# make an image brighter



## ernie (Feb 22, 2007)

hey,

just took a picture and it looks way too dark, wasn't enough light actually. what is the best way to add some light to it in photoshop? so far i experimented with contrast/brightness, putting different layers over each other and fiddling with the blend mode. i get some results but i'd like to know what's the best way according to you guys.


----------



## Big Mike (Feb 22, 2007)

There is no 'best way'...well, the best way is probably to get it right while shooting 

Keep trying different things until you find a method that you like best.  I like to use *_levels_*, curves and shadow/highlight.


----------



## Peacemaker636 (Feb 22, 2007)

Levels help tremendously with pictures that are either too bright or too dark.  From there, I usually use curves to increase contrast (make highlights brighter and shadows darker)


----------



## auer1816 (Feb 22, 2007)

Peacemaker636 said:


> Levels help tremendously with pictures that are either too bright or too dark. From there, I usually use curves to increase contrast (make highlights brighter and shadows darker)


 
I second that.  Levels and curves are the first two things I do with almost every photo.  And use adjustment layers!


----------



## ernie (Feb 23, 2007)

Thanks guys. Still experimenting with it after I did some googling. I had no idea you could make almost every picture look even better.


----------



## fmw (Feb 23, 2007)

ernie said:


> Thanks guys. Still experimenting with it after I did some googling. I had no idea you could make almost every picture look even better.


 
Getting it right in the first place is really important - particularly with digital which has almost no exposure latitude.  shadow/highlight, exposure, levels, contrast/brightness, curves all remove data from the image and create artifacts.  While the data loss and artifacts may be insignificant with small adjustments, they are certainly there and become bothersome with heavy handed adjustments.

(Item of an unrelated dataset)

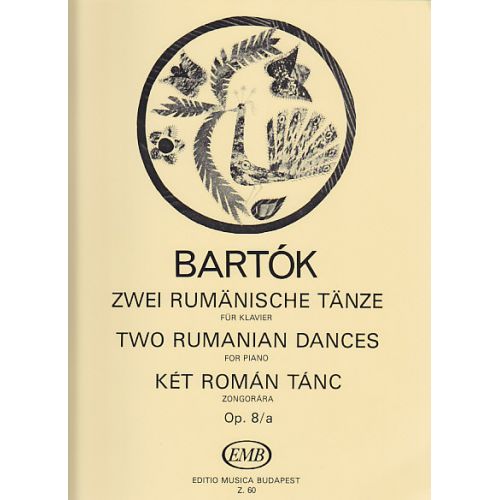 BARTOK B. - ZWEI RUMANISCHE TANZE OP. 8/A - PIANO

Personally, I tend to use shadow/highlight, levels and contrast/brightness the most because curves is too touchy for an old timer like me.  Curves, I believe, reduces data the least and is actually the best way.  Perhaps I should spend more time with it.


----------



## auer1816 (Feb 23, 2007)

fmw said:


> Getting it right in the first place is really important - particularly with digital which has almost no exposure latitude.


 
It's true.  The best way to make sure you got it right the first time is to check the histogram on the camera after you've taken a shot.  If your histogram is clipped on either end, you're losing data that you can't get back with any amount of editing.  So if there's no clipping, there's hope yet.  If you do have to clip (higher contrast situations), I would suggest to clip the shadows rather than the highlights -- the bright whites tend to be more distracting.


----------